File management means managing files so that files can be stored, retrieved, and modified easily.
There are different ways in which files are managed, every Operating system has its own way of dealing with files.
Windows xp,7,8,10,11 uses NTFS
Mac OS uses APFS
Let's look deeper into NTFS
NTFS stands for New Technology File System.
It is the file system that the Windows NT operating system (OS) uses for storing and retrieving files on hard disk drives (HDDs) and solid-state drives (SSDs).
NTFS offers several improvements over FAT and HPFS in terms of performance, extendibility, and security.
The file system essentially organizes the data into files. It controls how data files are named, stored, retrieved, and updated and what other information can be associated with the files like user permissions, etc
Microsoft Windows and some removable storage devices use NTFS to organize, name, and store files.
NTFS is also used on external drives because it has the capacity those drives need, supporting large files and partition sizes.

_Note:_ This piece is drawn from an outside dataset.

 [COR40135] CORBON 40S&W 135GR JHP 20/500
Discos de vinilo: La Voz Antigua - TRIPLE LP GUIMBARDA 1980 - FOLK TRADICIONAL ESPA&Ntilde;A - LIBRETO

When installing an OS, the user chooses a file system. When formatting an SSD or an HDD, users choose the file system they'll use.

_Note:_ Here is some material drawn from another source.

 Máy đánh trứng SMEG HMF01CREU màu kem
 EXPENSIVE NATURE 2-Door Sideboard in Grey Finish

When an HDD is formatted or initialized, it is divided into partitions. Partitions are the major divisions of the hard drive's physical space. Within each partition, the OS keeps track of all the files it stores. Each file is stored on the HDD in one or more clusters or disk spaces of a predefined uniform size.

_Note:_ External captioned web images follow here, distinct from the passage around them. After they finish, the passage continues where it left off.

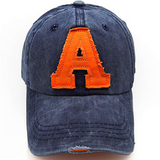 “A” Vintage Dyed Baseball Cap – Auburn
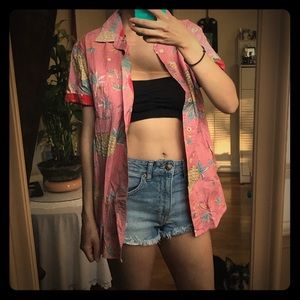 Mossimo Hawaiian Top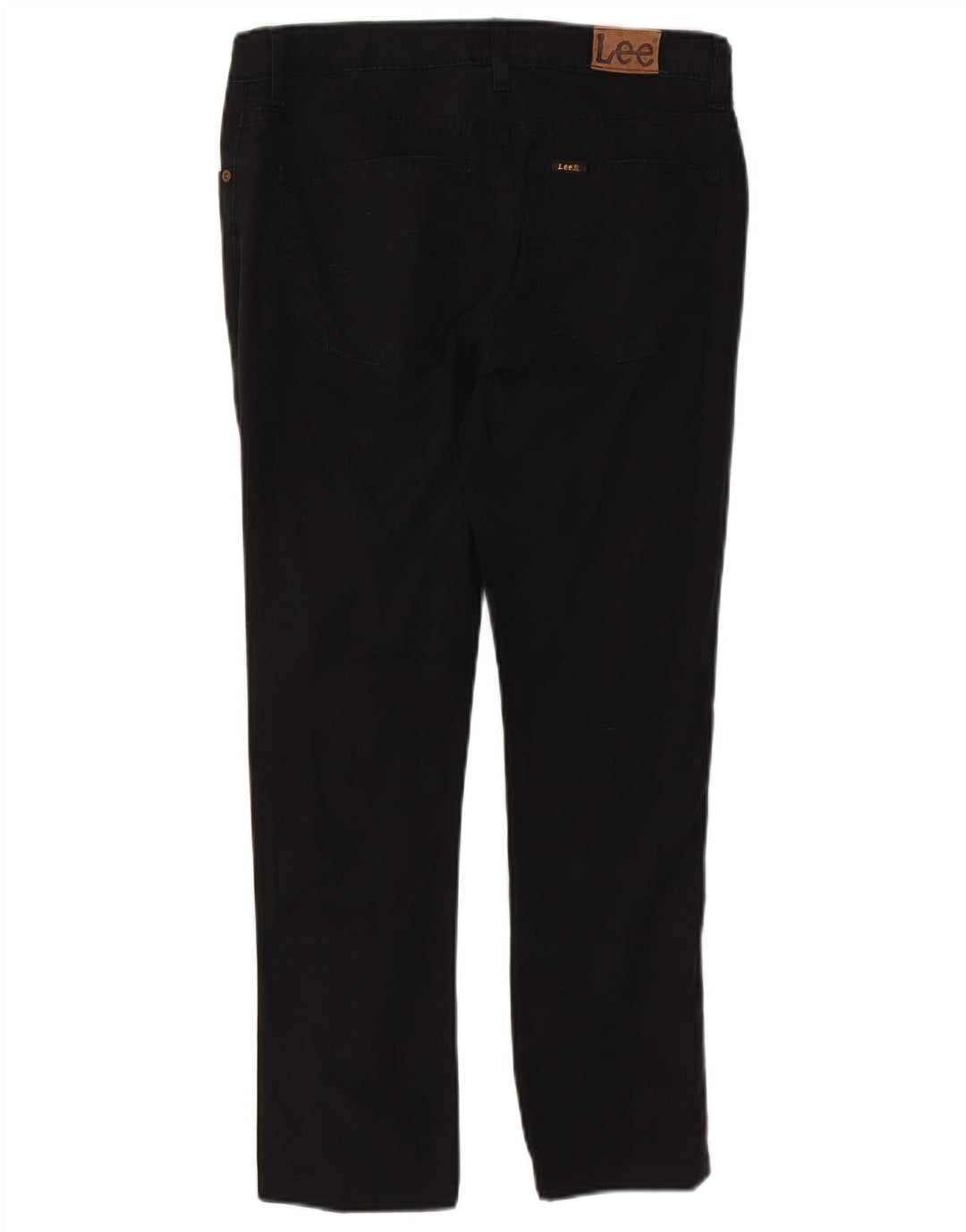 LEE Mens Cameron Straight Jeans W33 L25 Black Cotton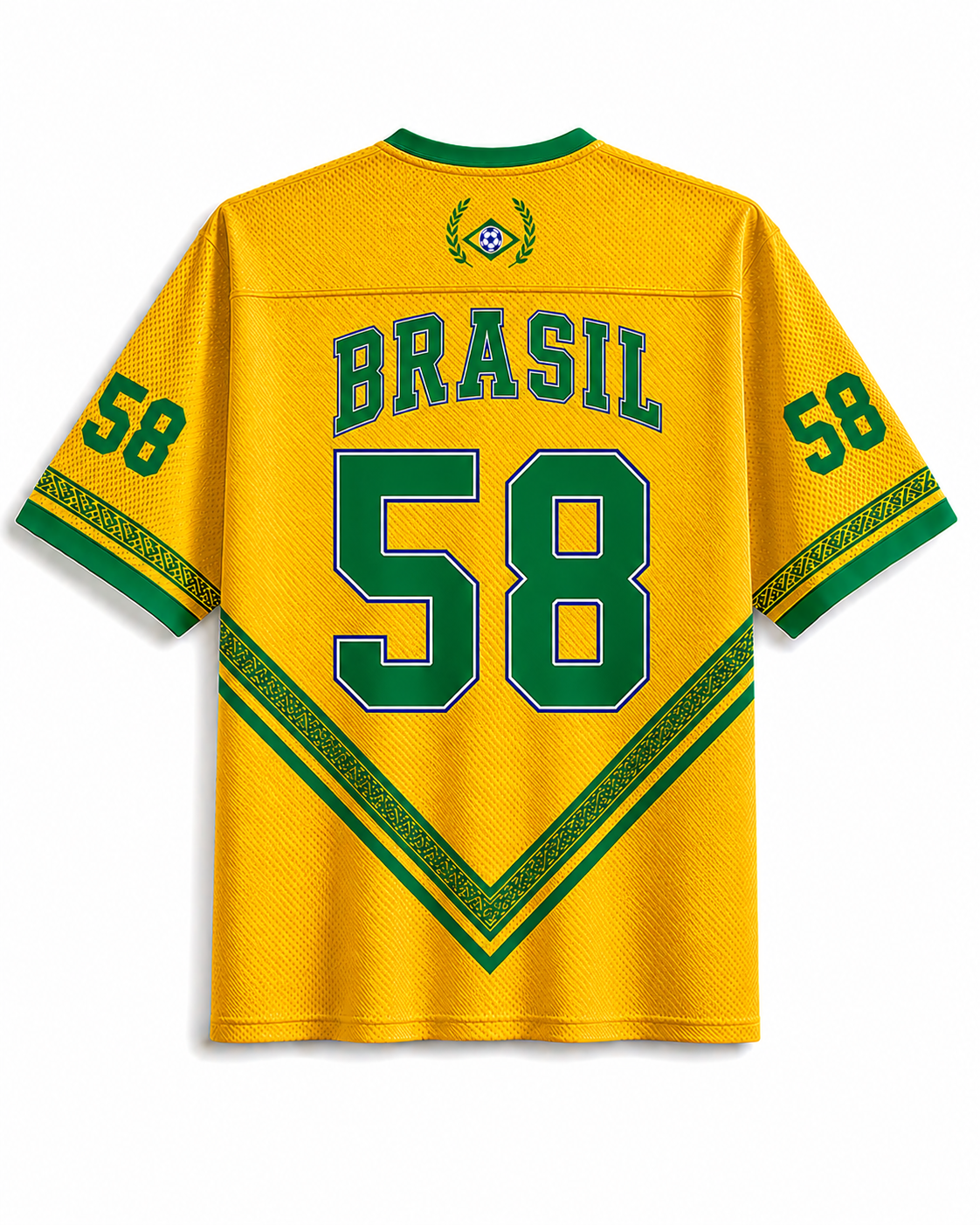 TheRetroTee The Brazil We Fell in Love With Mesh Jersey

Using NTFS, the sizes of the clusters range from 512 bytes to 64 KB.
Cluster sizes are determined based on balancing a trade off between maximizing the use of disk space and minimizing the number of disk accesses required to get a file. With NTFS, generally, the larger the drive, the larger the default cluster size, because it's assumed that a system user will prefer to have fewer disk accesses and better performance at the expense of less efficient use of space.
When a file is created using NTFS, a record about the file is created in the Master File Table (MFT). The record is used to locate a file's possibly scattered clusters. NTFS looks for a storage space that will hold all the clusters of the file, but it isn't always able to find one space altogether.
Along with its data content, each file contains its metadata, which is a description of its attributes.
NTFS uses a b-tree directory scheme to keep track of file clusters
NTFS supports very large files
It has an access control list that lets a server administrator control who can access specific files.
Integrated file compression shrinks file sizes
It supports file names based on Unicode, NTFS has a more natural file-naming convention and allows for longer file names with a wider array of characters. Non-Unicode naming conventions sometimes require translation.
NTFS provides security for data on removable and nonremovable disks.
The access control features of NTFS let administrators place permissions on sensitive data, restricting access to certain users. It also supports encryption.
The MFT logs and audits files on the drive, so administrators can track files that have been deleted, added or changed in any way.
Mac OS devices, Android devices, and non-window OS do not support NTFS.
NTFS is read-only with Mac and Linux.